● WHAT IS EXPECTED:
Every line of the data below is to be given again as it appears, with the images removed.

● RECORDS FOR THE EXERCISE:
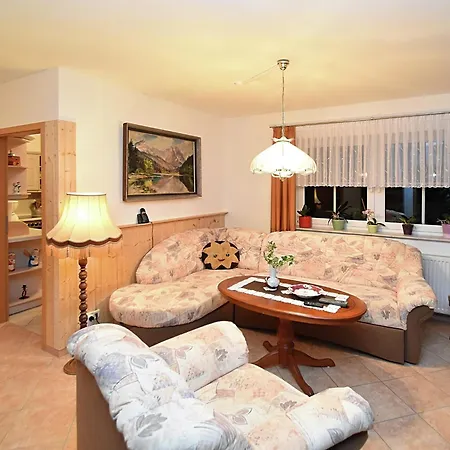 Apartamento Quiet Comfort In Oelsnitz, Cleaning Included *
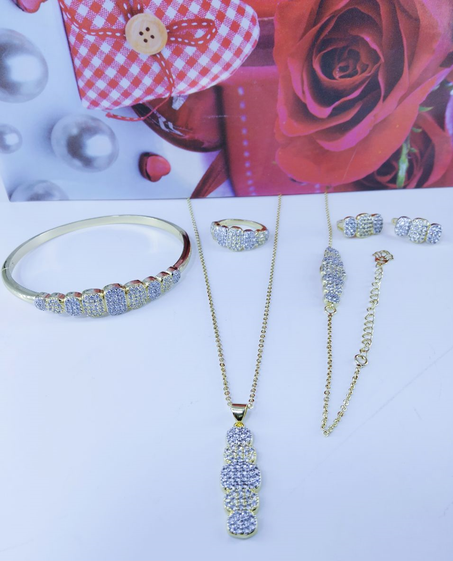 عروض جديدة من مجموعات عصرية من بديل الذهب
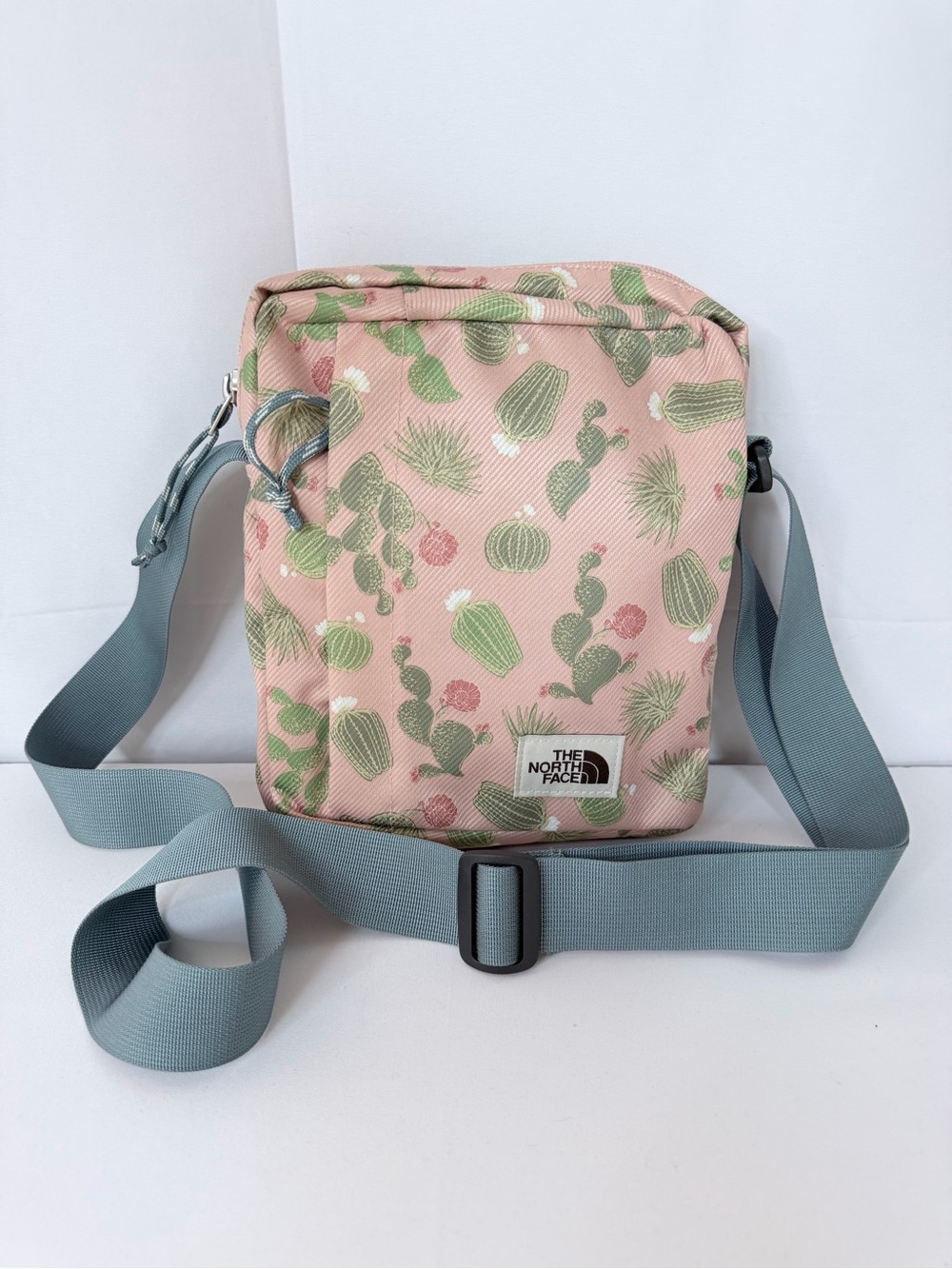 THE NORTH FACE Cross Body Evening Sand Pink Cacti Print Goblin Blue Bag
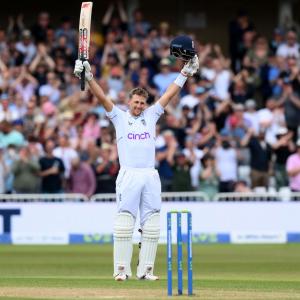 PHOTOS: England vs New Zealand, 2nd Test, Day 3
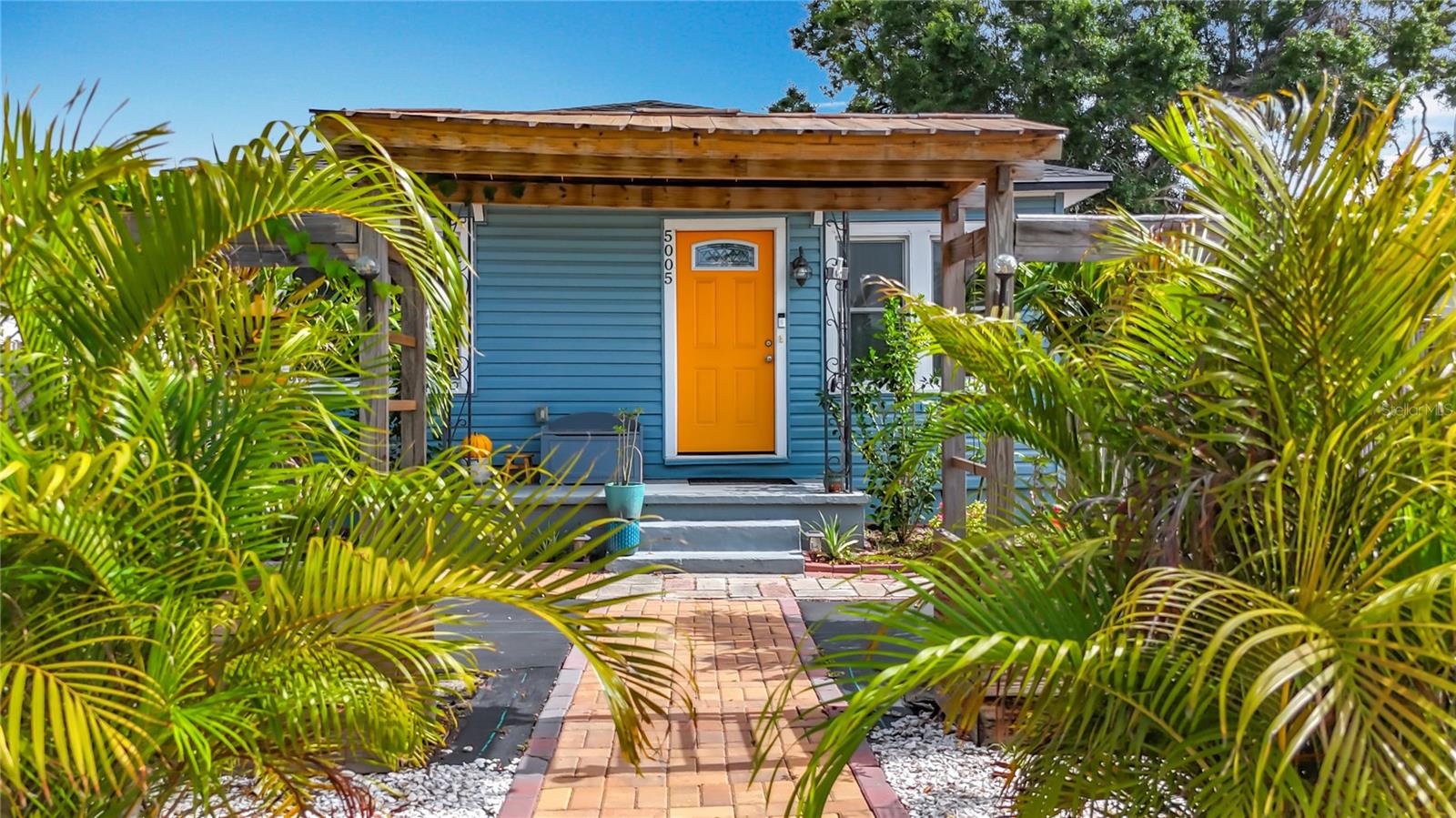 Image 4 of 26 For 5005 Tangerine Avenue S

● ANSWER BELOW:
 Apartamento Quiet Comfort In Oelsnitz, Cleaning Included *
 عروض جديدة من مجموعات عصرية من بديل الذهب
 THE NORTH FACE Cross Body Evening Sand Pink Cacti Print Goblin Blue Bag
 PHOTOS: England vs New Zealand, 2nd Test, Day 3
 Image 4 of 26 For 5005 Tangerine Avenue S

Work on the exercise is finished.